Quem encontra nos cuidados de plantas uma forma de se conectar com a natureza tem um motivo a mais para se preocupar com a origem das mudas comercializadas, ressalta Lamartine de Oliveira, professor de agronomia da Universidade Federal do Ceará (UFC). "Quando você encontra uma coroa-de-frade já adulta e florando (é um indício de ilegalidade).
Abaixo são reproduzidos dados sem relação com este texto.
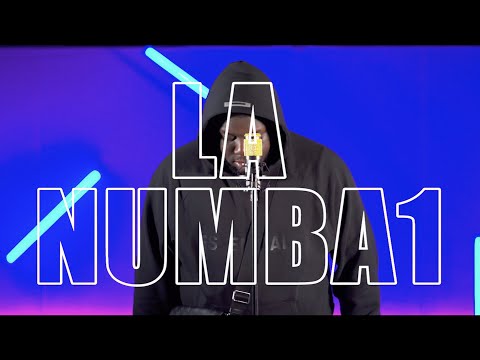 LA Numba 1 - FreshWave Session | DJ Limelight TV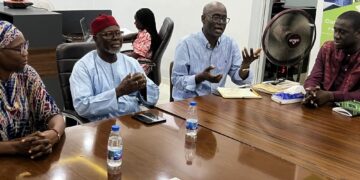 Aff. ASER : Thierno Alassane Sall évoque une gestion opaque avec Alioune Tine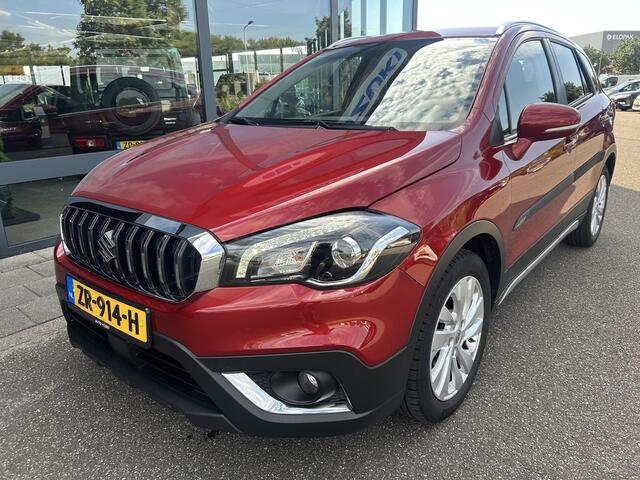 Suzuki S-Cross 1.0 Boosterjet Select Automaat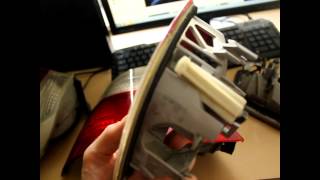 E46 BMW Tail Light Fix Information Guide Fixes Lense Separation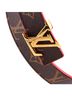 Louis Vuitton 100% Coatead Canvas Brown LV Initiales Belt Monogram Canvas Medium One size - photo 3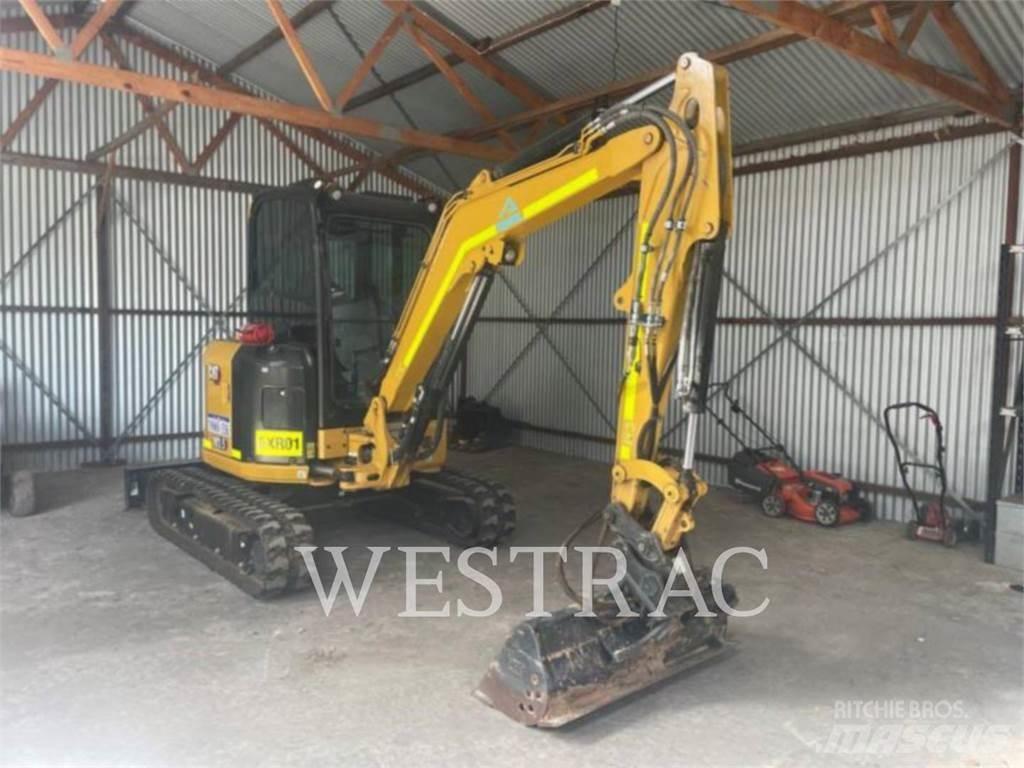 CAT 303.5-07CR Minigravemaskiner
Se você compra por R$ 25 não paga o valor dela porque demora muito tempo para chegar aquele tamanho".

Legenda: Tipo de cactus é retirado de forma irregular da natureza onde têm relevância ambiental.
Foto: Helene Santos

Os maiores custos ficam na conta do ecossistema que perde uma fonte de frutos carnosos buscado por animais em período de estiagem e um agente de intemperismo biológico - processo natural de desgaste de rochas relevante para a qualidade do solo. "Mesmo retirada de um indivíduo, no meio de uma população que tem centenas, o desequilíbrio é enorme porque são muitos frutos. São muitas sementes que precisam ser produzidas para um germinar e aí são décadas para se tornar reprodutivo", destaca o professor.

Fiscalização

O documento de origem florestal atesta que o exemplar vendido não foi retirado indevidamente da natureza, destaca Miller Holanda, chefe técnico ambiental do Instituto Brasileiro do Meio Ambiente e dos Recursos Naturais Renováveis (Ibama). Sobre a fiscalização, ele reforça que o Ibama atua em ações de grande impacto como o transporte irregular. "Essas ações mais pontuais, pela legislação, devem ser atuadas por um órgão local. Quem autoriza tem de fiscalizar".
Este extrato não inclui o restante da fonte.